# PE Control Systems



## rrui00 (Nov 26, 2011)

Hello, anybody there that has recently gone through the preparation for the PE Control Systems Exam? Any preparation course that can be recommended? books to buy? etc? thanks.


----------



## SneadFrank (Nov 28, 2011)

The output quantity is called the controlled variable and the input quantity is called the input signal. Electrical Control Systems are changing the way companies are doing business with critical automation from PLC programming, industrial automation systems and risk assessment.


----------



## SoClose69 (Dec 22, 2011)

I made a 69 in 2010 with just the ISA workbooks. Passed in 2011 using the webseminars by joining for 100 bucks.


----------



## SoClose69 (Dec 22, 2011)

The guy who does the web seminars is ok and he will email you a good formula page that I used alot.


----------



## SoClose69 (Dec 22, 2011)

I also used the instrument handbooks I got from a coworker


----------



## unjha (Jan 5, 2012)

I took the course offered by ISA. It was conducted by Gerald Wilbanks. It gives you good insight into the exam.

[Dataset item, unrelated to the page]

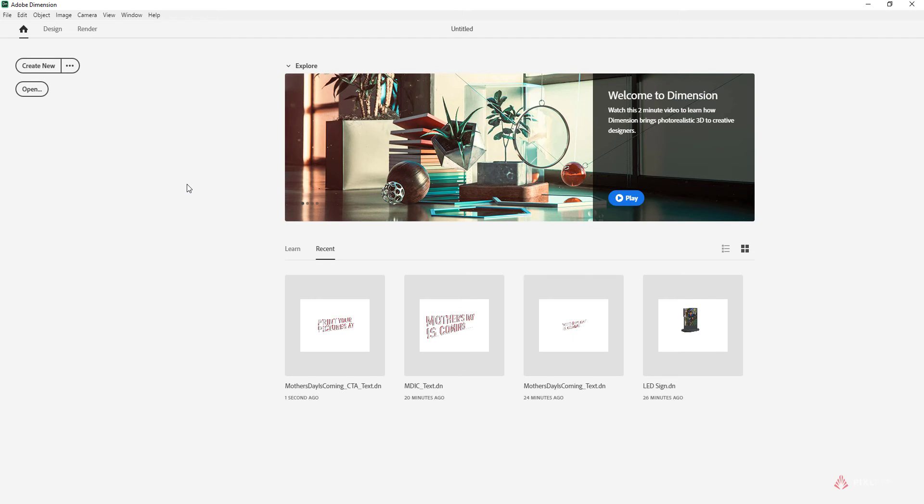Adobe Dimension is part of the Adobe Creative Cloud and it's a 3D program designed to really take the headaches out of creating 3D objects and really just make it as fun and easy as possible to make a 3D scene.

PS - I passed the exam in Oct 2011


----------



## mevans154 (Jan 10, 2012)

unjha said:


> I took the course offered by ISA. It was conducted by Gerald Wilbanks. It gives you good insight into the exam.
> 
> PS - I passed the exam in Oct 2011



I took the ISA class as well. I passed the CSE on the first attempt!!!!


----------



## rrui00 (Jan 18, 2012)

Did you guys take the 3 day course from ISA? or other classes from ISA.


----------



## Sonijp (Jul 7, 2012)

Did anyone take the class from the ISA?

And is the pre-recorded seminar from ISA (6 web seminars of 1hr and 30mins each) same as the course offered by ISA?


----------



## rrui00 (Jul 15, 2012)

I just took the 3 day course, and it covers basically the same topics as the 6 web seminars, the only difference is that in the 3 day course you can ask all the questions you need to the instructor, which I found it very beneficial.


----------